Oakland professor on leave after asking student to ‘Anglicize’ her name


An Oakland college professor has been placed on administrative leave after asking an Asian student to “Anglicize” her name, saying the pronunciation “sounds like an insult.”

Matthew Hubbard was unwilling to call on student Phuc Bui Diem Nguyen, a Vietnamese American freshman, by her given name, claiming that it too closely resembled a profanity in English.

Growing up, Nguyen had gone by the nickname “May.” But as a freshman at Laney College, she was excited to use her birth name, which means “happiness blessing.”


But on the second day of trigonometry class last week during the summer semester, Nguyen said she received an unsolicited email from her professor.

“Could you Anglicize your name? Phuc Bui sounds like an insult in English,” the professor wrote on Wednesday.

Offended but composed, Nguyen began to type.

“Hello Professor Hubbard,” she wrote. “Your request for me to ‘Anglicize’ my name feels discriminatory and I will move forward with filing a complaint with the Title IX Office if you can not refer to me by my given birth name. Best, Phuc Bui Diem Nguyen.”

Laney College has more than 17,000 students, nearly 30% of whom identify as Asian. Classes are being conducted online and via Zoom sessions, while the campus remains closed amid the COVID-19 pandemic.

In a statement, the school’s president, Tammeil Gilkerson, said the college has been “discussing and working to combat structural racism, xenophobia, and violence in both the Black and Asian Pacific Islander community” for decades.

But when Hubbard received Nguyen’s email, he did not relent. Nine minutes later, the professor fired back.


“Your name in English sounds like F— boy.” If I lived in Vietnam and my name in your language sounded like Eat a D— , I would change it to avoid embarrassment,” he wrote. “I repeat my request.”

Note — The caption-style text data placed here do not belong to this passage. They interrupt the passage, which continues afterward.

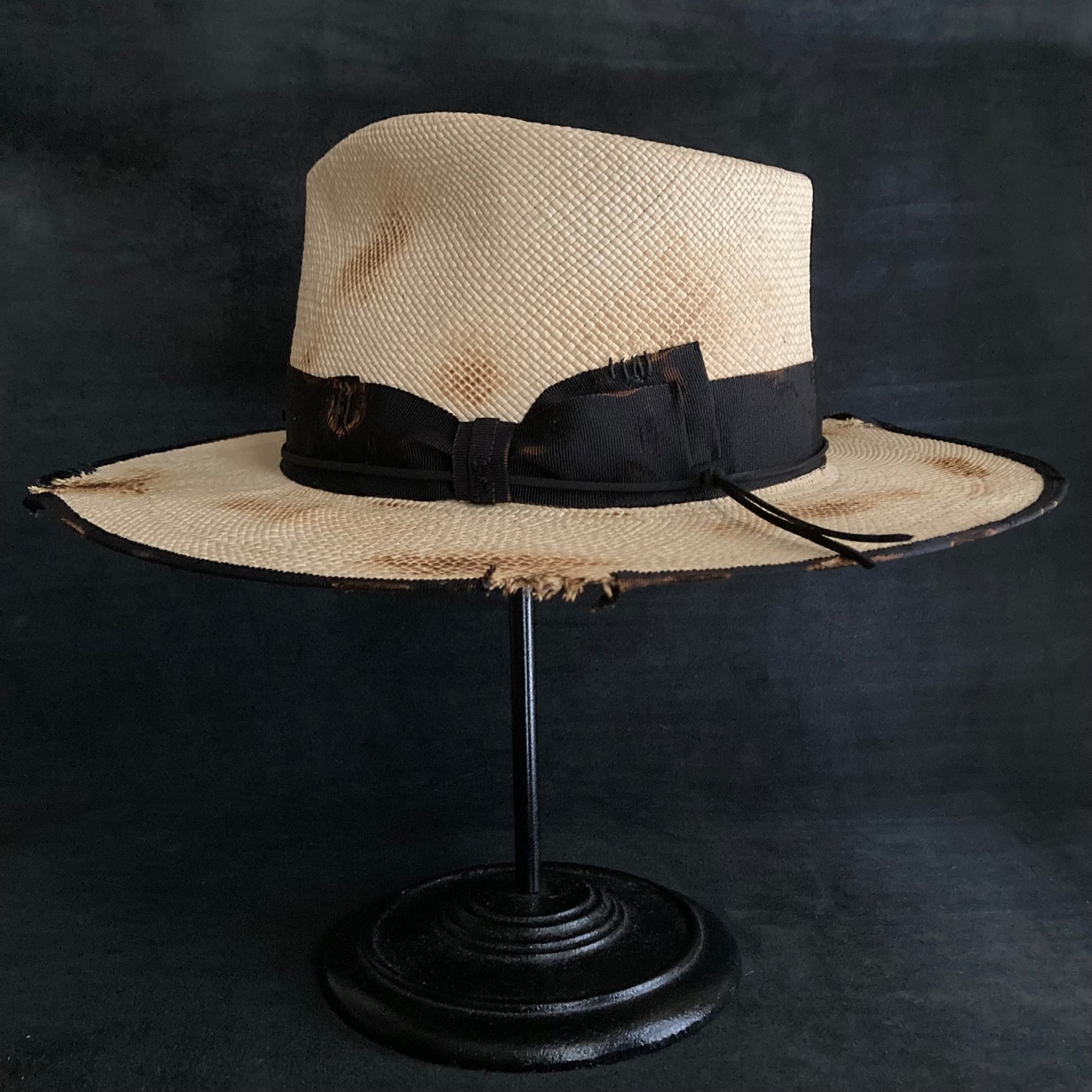 Burned natural  panama hat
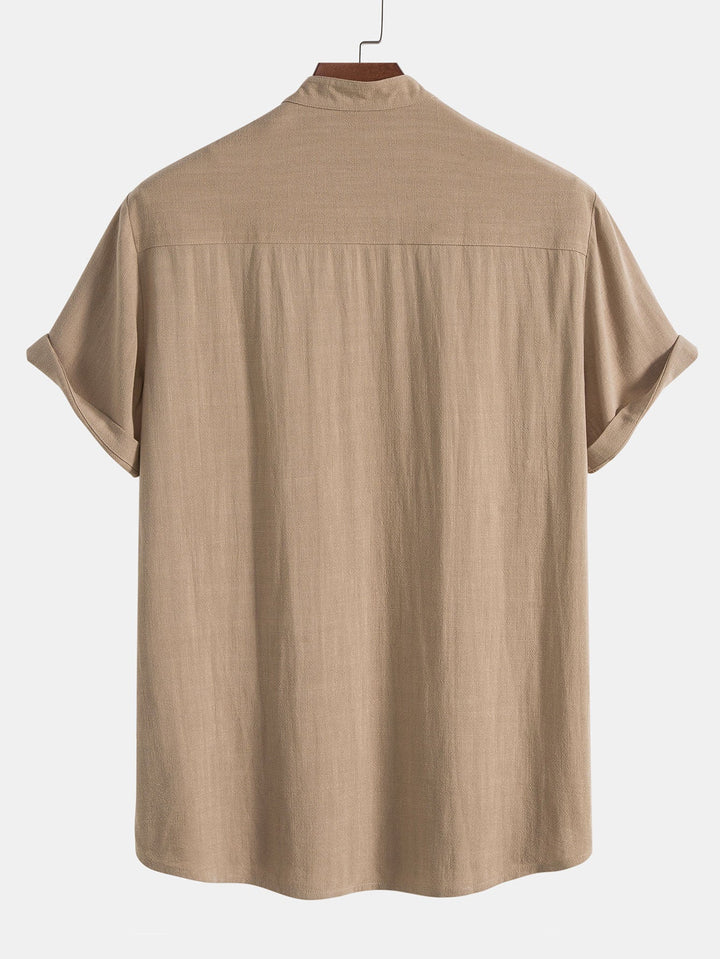 Kai | Relaxed Mandarin Collar Short Sleeve Linen Shirt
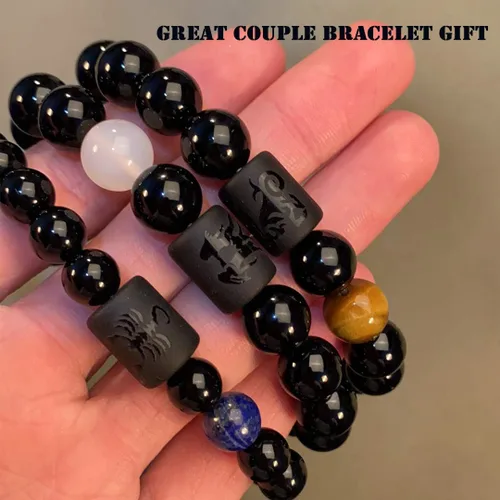Vista 7 de VLINRAS - Pulsera de signo del zodiaco, para hombre y mujer, de 0.315 y 0.394 pulgadas, ónice negro natural, signo de estrella, constelación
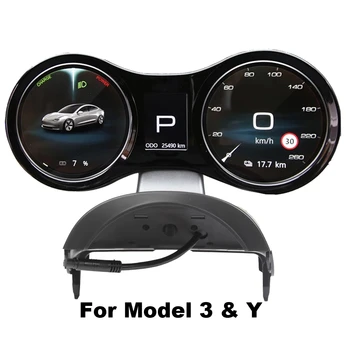  Автомобильный цифровой ЖК-дисплей HUD Мультимедийный дисплей приборной панели для Tesla Model Y / 3 Mulitmedia Panel English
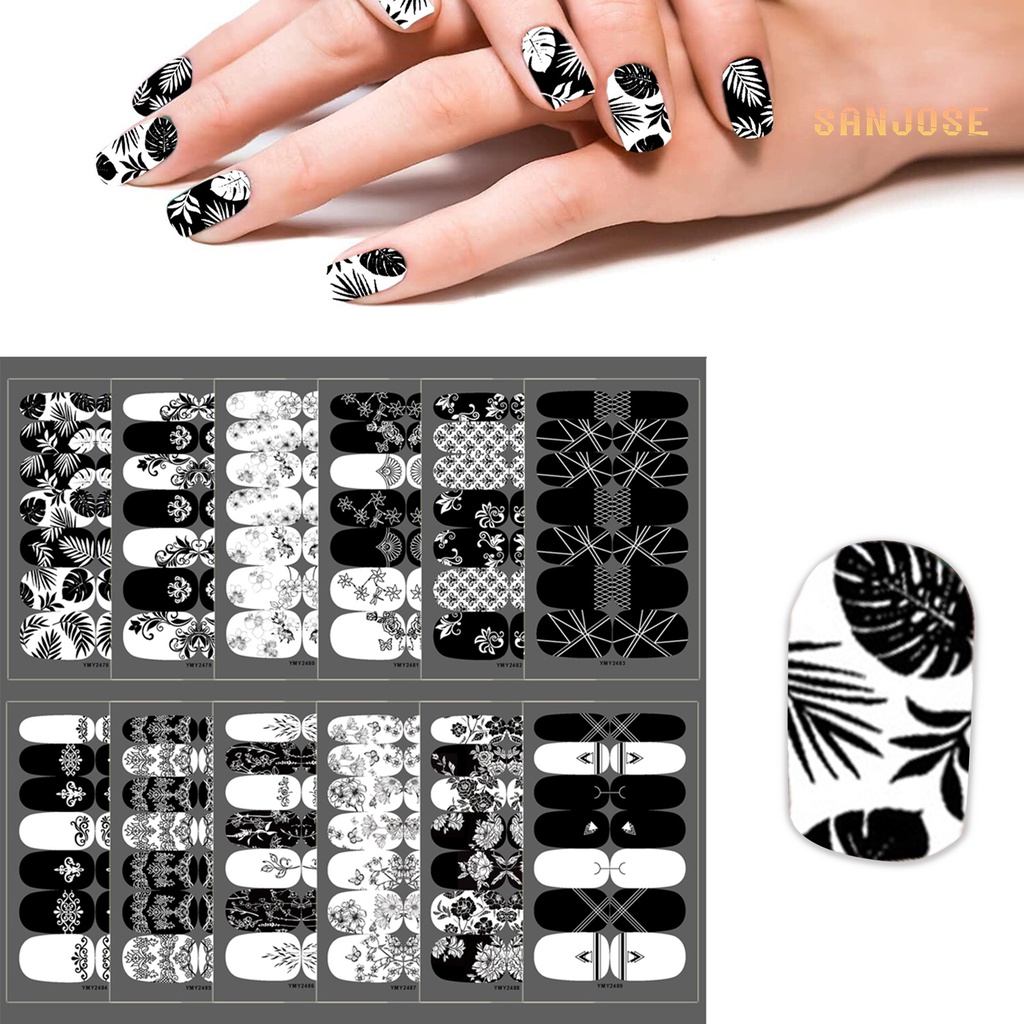 [ขายดี] สติกเกอร์ติดเล็บ มีกาวในตัว สีขาว สีดํา สดใส DIY สําหรับตกแต่งเล็บ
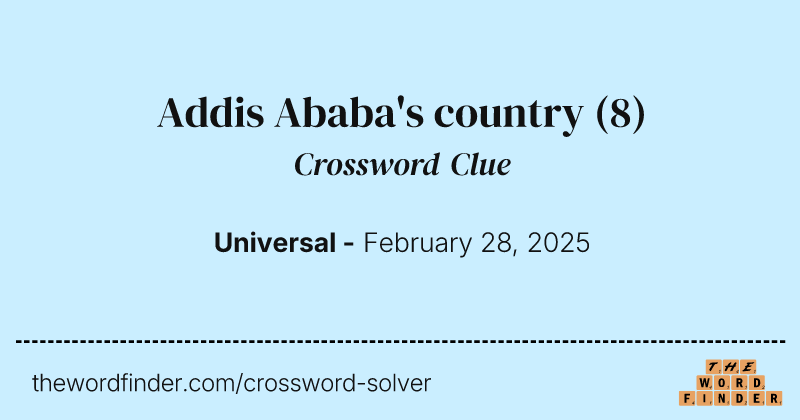 Addis Ababa's country crossword clue image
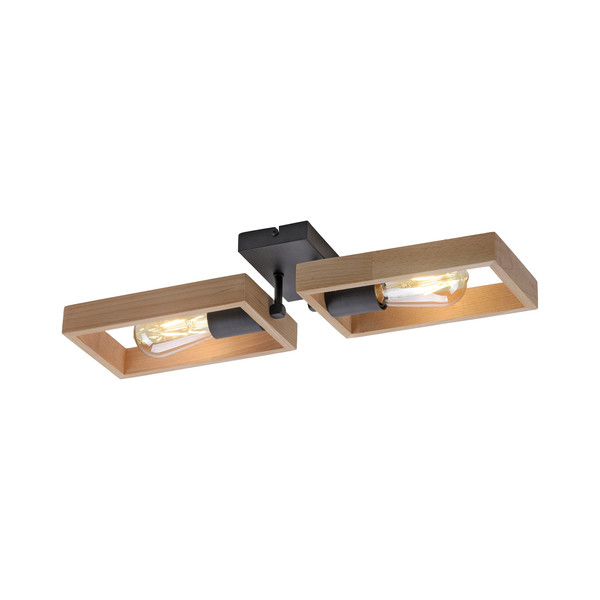 JUST LIGHT FRANKY Wand- und Deckenleuchte E27 max. 60W 2-fach schwarz 15657-18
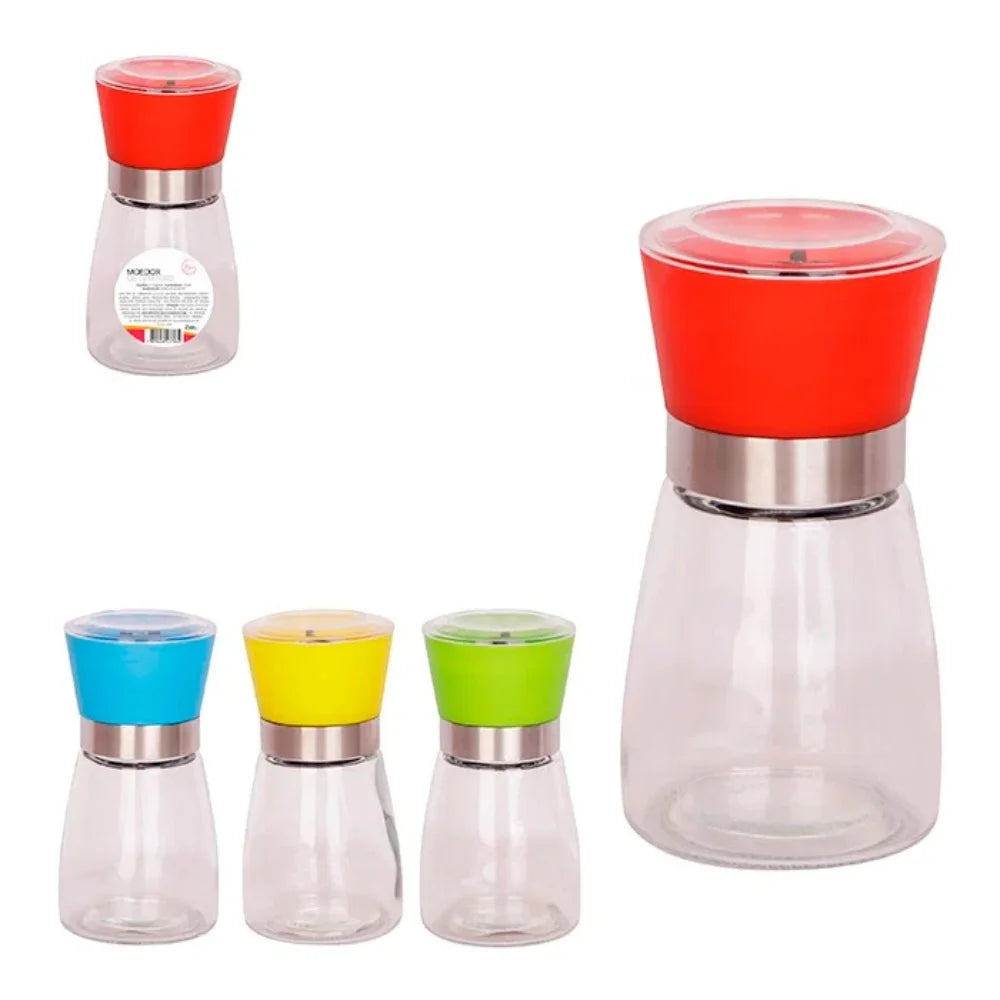Adjustable Ceramic Spice Grinder Mill - Glass Bottle with Stainless Steel Accents, 13 cm (5.1 in) 170 g Capacity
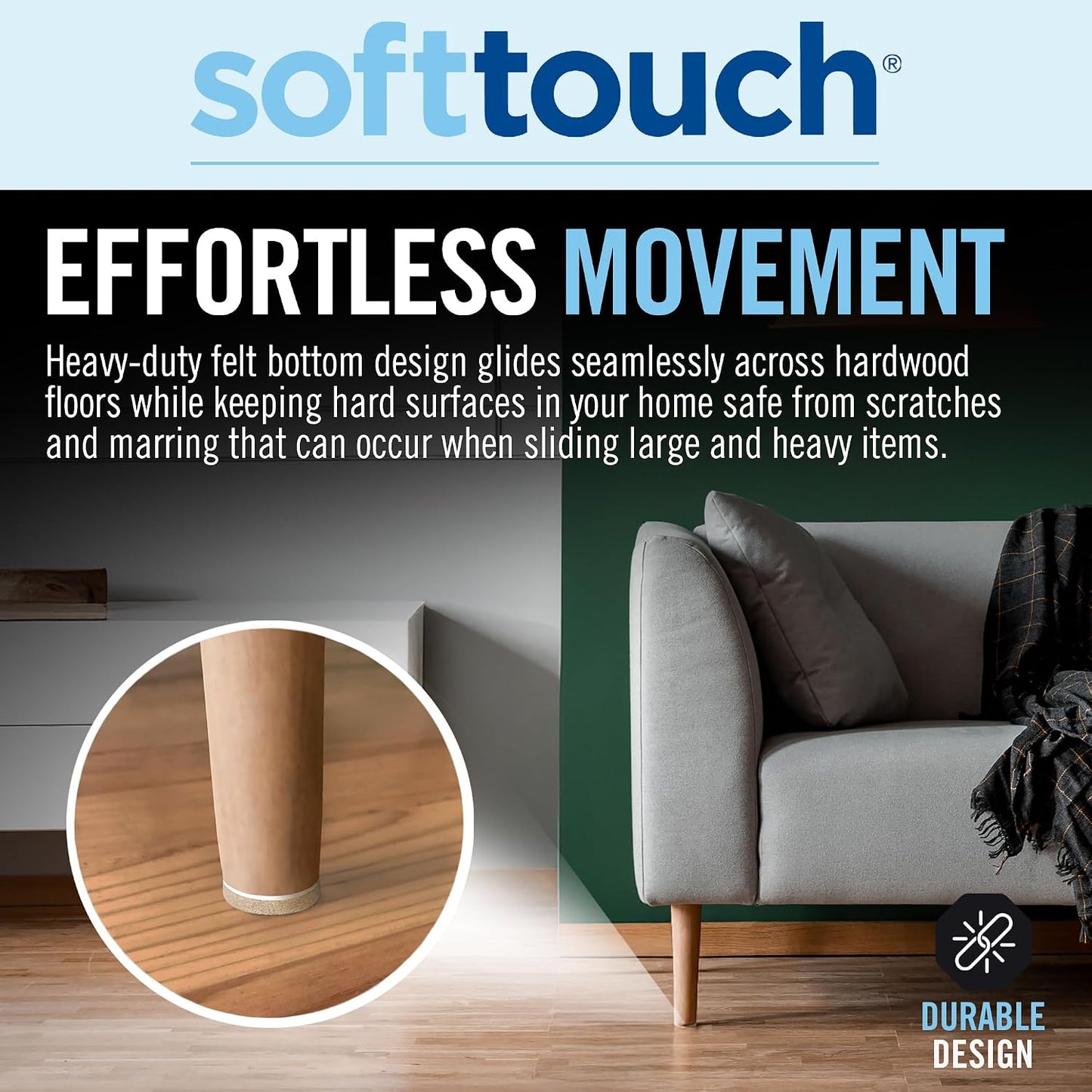 SoftTouch 1.5" Round Reusable Felt Furniture Sliders for Hard Surfaces, Noise-Reducing Adhesive Furniture Moving Pads for Beds, Sofas, Dressers, Set of 24, Beige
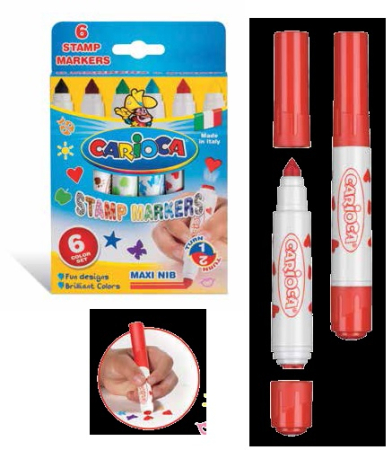 Rechizite scolare - Set  6 markere lavabile, cu 6 stampile diverse forme, cutie carton, CARIOCA Stamp markers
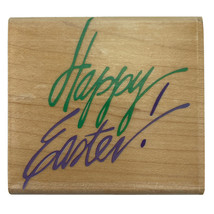 Happy Easter Script Words Rubber Stamp Posh Impressions Z389-E Vintage 1994 New - £6.15 GBP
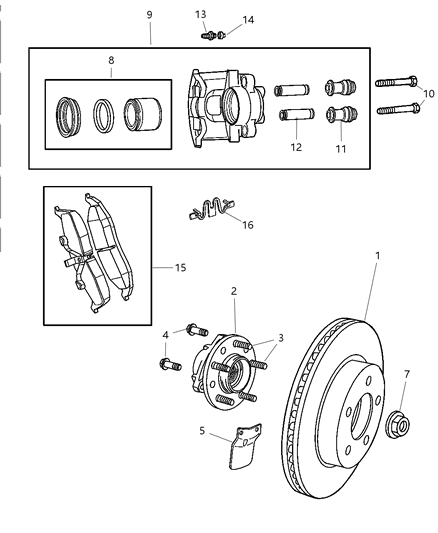 Pad Kit Front Disc Brake Diagram for V1018596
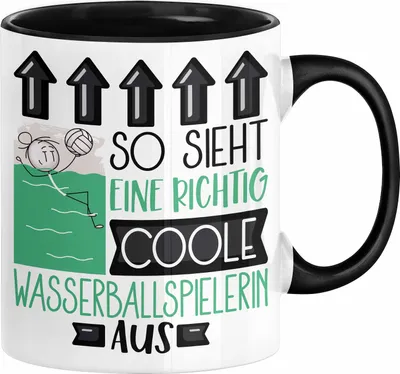 Produktbild von Wasserballspielerin Geschenk Tasse Geschenkidee für Wasserballspielerin Geburtstag Weihnachten Spruch So Sieht Eine Richtig Coole Wasserballspielerin Aus Kaffee-Becher  (Schwarz)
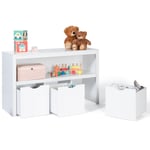 Meuble de rangement enfant MANA en bois blanc 3 tiroirs cubes sur roulettes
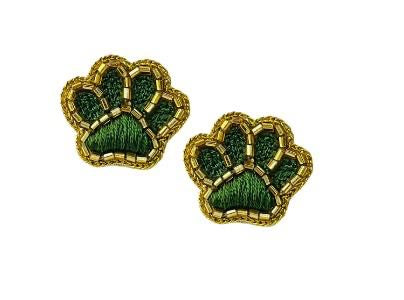 Paw Thread Earrings - Green and Gold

A Twitter user caught word of the incident and posted a screenshot of the emails on Thursday. The post has been retweeted nearly 50,000 times and received more than 125,000 likes.

Nguyen’s sister later posted a screenshot of the emails to Instagram, stressing the professor’s “ignorance and audacity.”

“As a professor, he should be trying to learn her name and culture and not try to whitewash her name. My sister graduated high school thinking she can finally be able to use her name,” she wrote. “I love that my parents want to keep my culture alive by keeping our Vietnamese name.”

By Thursday, Hubbard had thought of an alternative. Another student in his 30-person trig class had changed his online name, Hubbard told the New York Times. Why couldn’t Nguyen do the same?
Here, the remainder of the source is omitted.